Task description>
With the pictures left out, write out exactly the lines of the listing below that run from the line with "Your Skima account" through the line with "2.6K 149K 13K".

Available records>
━━━

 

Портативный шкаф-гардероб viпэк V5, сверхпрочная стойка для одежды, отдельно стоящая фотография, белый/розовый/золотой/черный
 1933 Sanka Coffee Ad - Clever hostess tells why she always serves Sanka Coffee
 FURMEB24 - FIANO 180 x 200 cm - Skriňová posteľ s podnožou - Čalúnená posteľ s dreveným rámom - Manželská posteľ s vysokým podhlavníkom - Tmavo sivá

━━━

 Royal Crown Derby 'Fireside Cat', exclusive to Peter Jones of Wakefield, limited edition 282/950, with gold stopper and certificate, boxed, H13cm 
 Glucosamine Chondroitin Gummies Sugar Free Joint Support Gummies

━━━

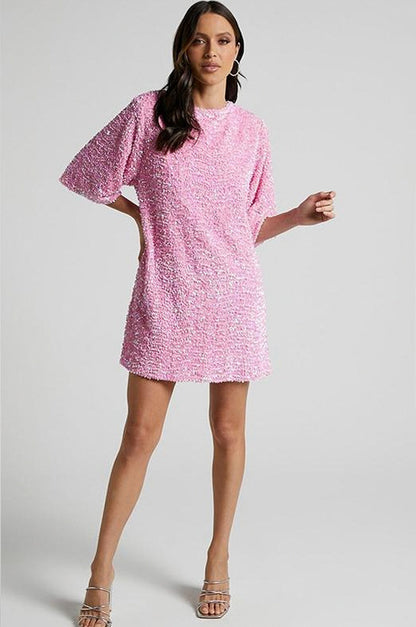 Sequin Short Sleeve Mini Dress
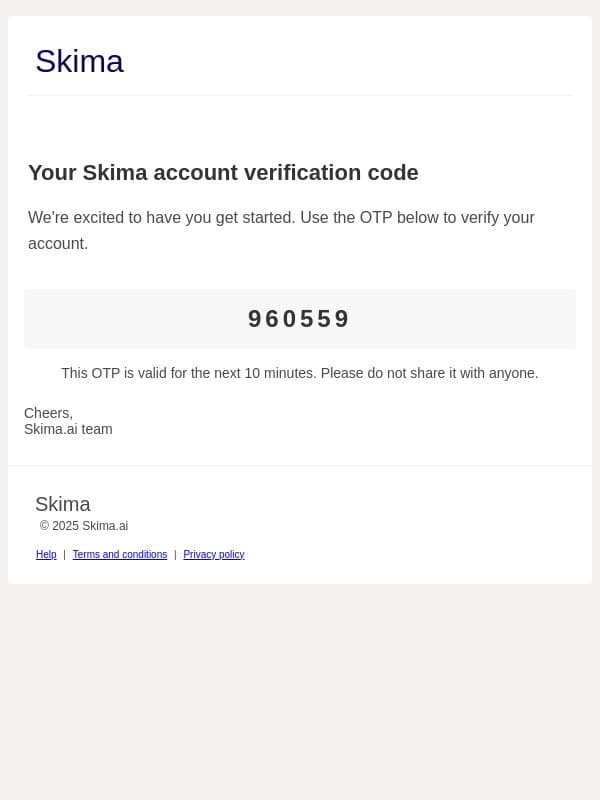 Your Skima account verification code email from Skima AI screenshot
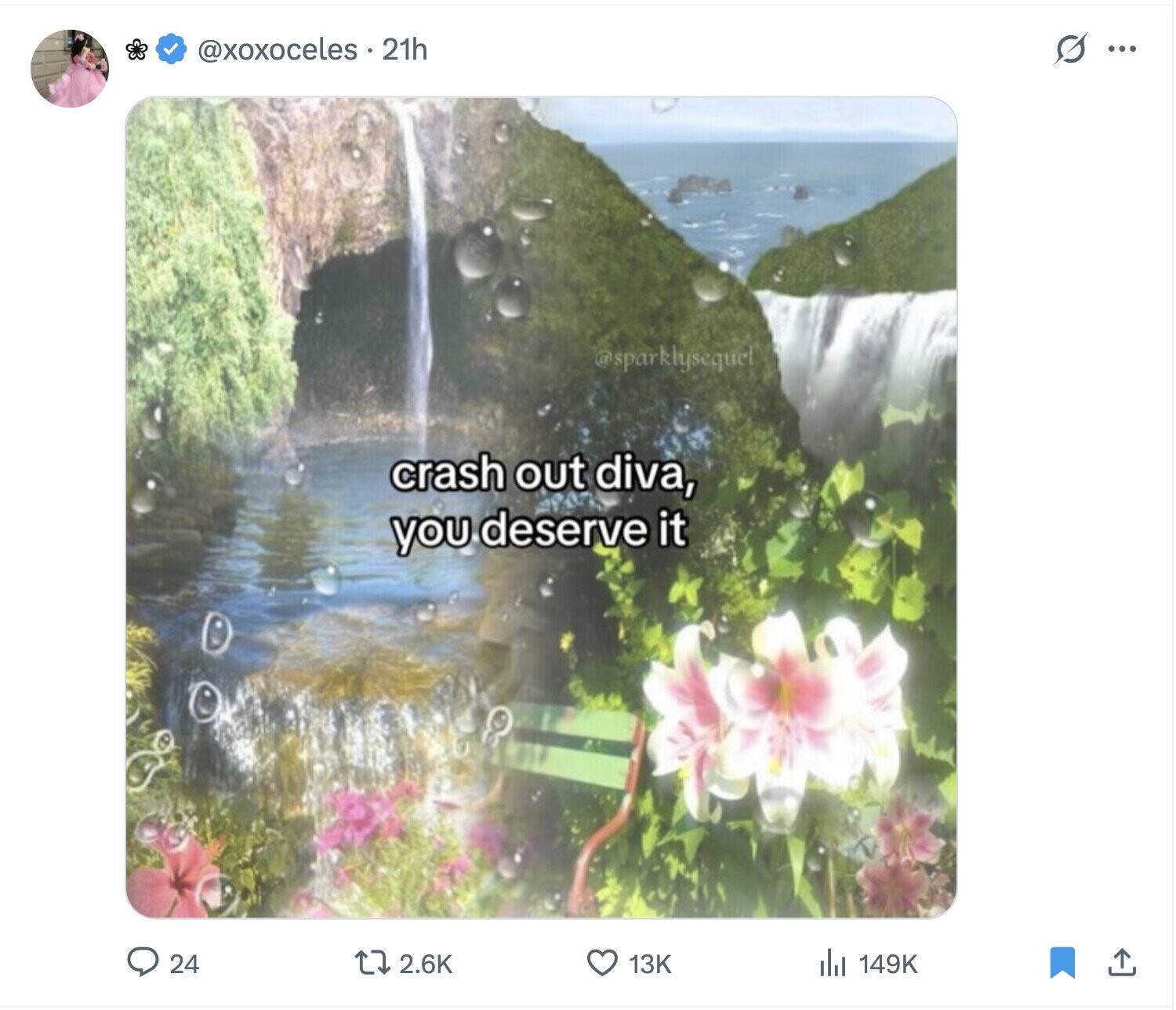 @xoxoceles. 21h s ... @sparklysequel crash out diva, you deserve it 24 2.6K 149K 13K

━━━

Completed task>
 Your Skima account verification code email from Skima AI screenshot
 @xoxoceles. 21h s ... @sparklysequel crash out diva, you deserve it 24 2.6K 149K 13K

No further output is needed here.